→ **EXERCISE**
Below are entries; copy exactly the lines from the one with "PBS KIDS Preschool Fun Pack" through the one with "Used 2023 Lexus", both included, and leave out the rest.

→ **AVAILABLE RECORDS**
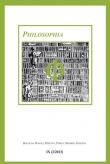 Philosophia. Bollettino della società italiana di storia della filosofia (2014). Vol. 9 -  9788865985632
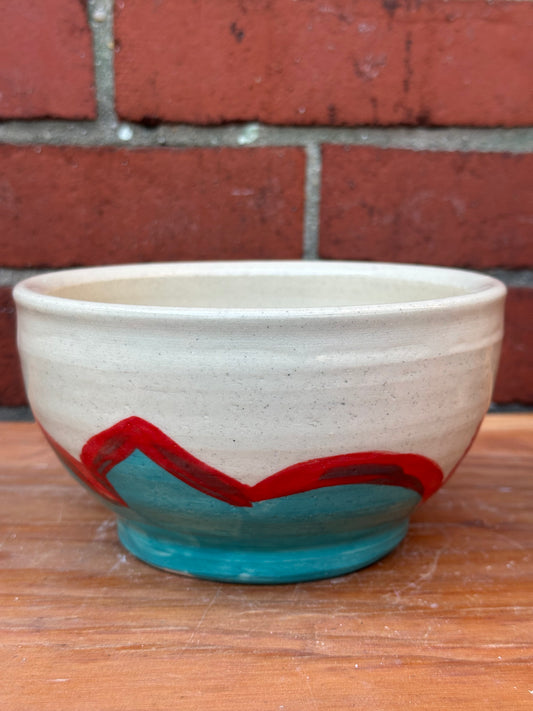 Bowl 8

--

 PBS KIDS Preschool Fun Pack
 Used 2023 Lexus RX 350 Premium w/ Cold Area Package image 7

→ **RESULT FOR THIS EXERCISE**
 PBS KIDS Preschool Fun Pack
 Used 2023 Lexus RX 350 Premium w/ Cold Area Package image 7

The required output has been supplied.